Marked by the pleasure of entering your home and to insightfully see, that your whole is an embodiment of seeds.
If the potatoe chips are crunchy and icepop fizzles a high.. why should I sit my naked soul staring into the sky?
If the lure of your heart is the fall of my trance, then i’m just your emotion waiting to be enhanced.
You have stopped my deluded self but yet silenced my feet, I’m forced to stop looking in the brustle of the bleed.
Innocence seeming to be an indigenous nature, derived from the invisible. . . the nodding of the head a melt into the permissable.
Some rooms are dark and others bright but theres a room which stands unseen but holds a twinkle insight.
Gravitating on the sidewalk, illuminating in the sea. . . a roll on the natures bliss with a pause of the God in glee . . .
the angels prepare a table of contents and fullness of delight. . I silently stare awake in the beloved rhyme.
The wheels on the bus travel on the road, round and round they go – you don’t understand the meek surrender of a sailing salve. To look into you again, is a stain of my knees… I hurt myself in disgust, you truly made me weak.

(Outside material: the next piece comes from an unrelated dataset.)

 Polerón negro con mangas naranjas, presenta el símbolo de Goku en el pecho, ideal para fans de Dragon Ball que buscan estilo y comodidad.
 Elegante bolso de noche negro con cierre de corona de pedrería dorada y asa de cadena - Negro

     You are the forbidden one, the cause of despair.. as you linger in pride your salt is not fair. You flavour it all seemingly good and seemingly bad, but you oh son. . you don’t recognize your the defined chad. . a douche, a vulgar disgust to my stomach a sickening feel to my intestines. . I know your secrets you can smile but I have silently seen.

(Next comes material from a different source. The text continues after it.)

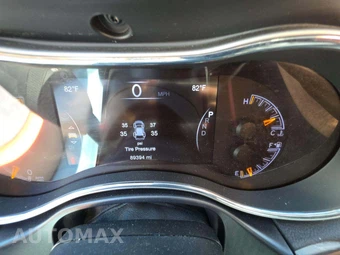2018 Jeep Grand Cherokee Altitude Edition - miniatura 9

Diligently speaking you was a spy, a sparkle of passion through the eyes.. you was a potent mercury and I a divine crime, universal chairs was the unrefined signs.

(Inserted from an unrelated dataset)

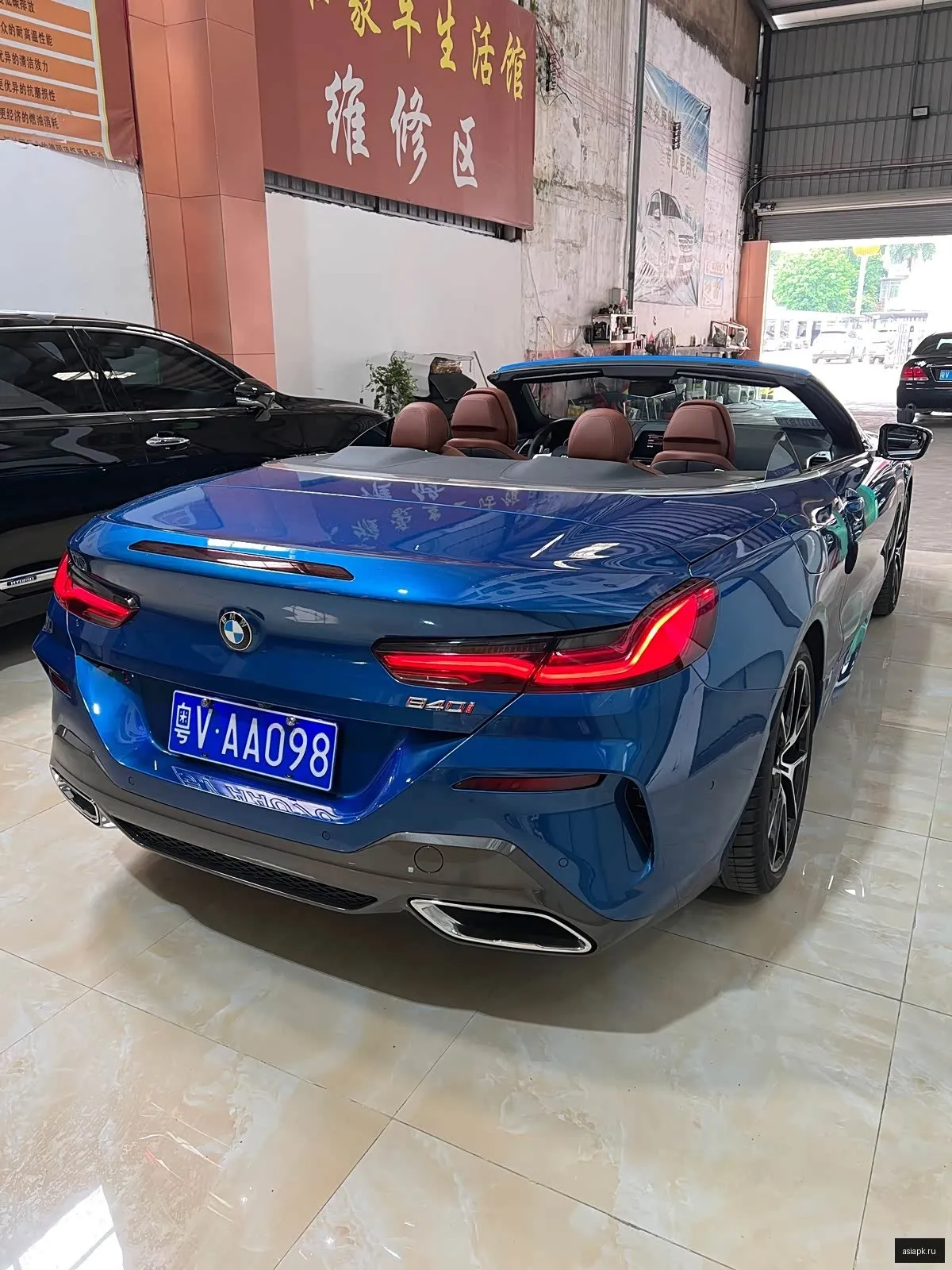 BMW 8-Series 6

  Oh ancient.. ancient.. the blood in our veins. . oh holy oh holy I cry to be and not profane – the sacred temple hallucinated by your lust you are the congress ..I the gust.

   The archbishop of souls you claim to be. . but you oh sickening man hide in the priest.

   Are you not the truth? Are you not the bold.. what happened to your loving soul.

It is your unidentified play that caused my deray, you were the sinner that hallucinated my smiling gaze. . . yes your mist assuredly knew this crush was a good game. . one with a hush that you thought could crucify my in sane. The mystery is that you wanted to be the one whom appeared innocent but you fell just as much as I – you misled my heart and you became a lie!

   I remember you, very very well. . . it was like my soul was near a dualed spell, if I got close i’d only explode or maybe see your stupidity and your hidden, and dark persona unfold.
Should I say I’m perfect or should I be a slave to my hearts speed? I entered a world of sin and mistakes came in this portal of hungry gins wanting to feed.

  It is all a drama released, a religion of your deeds. . a seagull in sea in air. . but the balance returns to the lovers glare.

You think you know but really have no idea that the soil is the governor, a seat for all seers.

Now is it . . you. . me or us ?

Either way your the door to my love.

Beauty hurts

To be beautiful is not a crime, to love is a blessing.

I guess some may be fearful of one who is pure in all their hopes.

Can you destroy a heart that desires more from the inner world? Is it really obvious.

Love seems to be a crime in a society that has no true value apart, from what they suggest is their reality..  the whole outlook of being a part of something which to a person means they are involved with a situation, even if it doesn’t necesserily edify their inner being.

I believe in Love. I will always believe in Love because it saved me.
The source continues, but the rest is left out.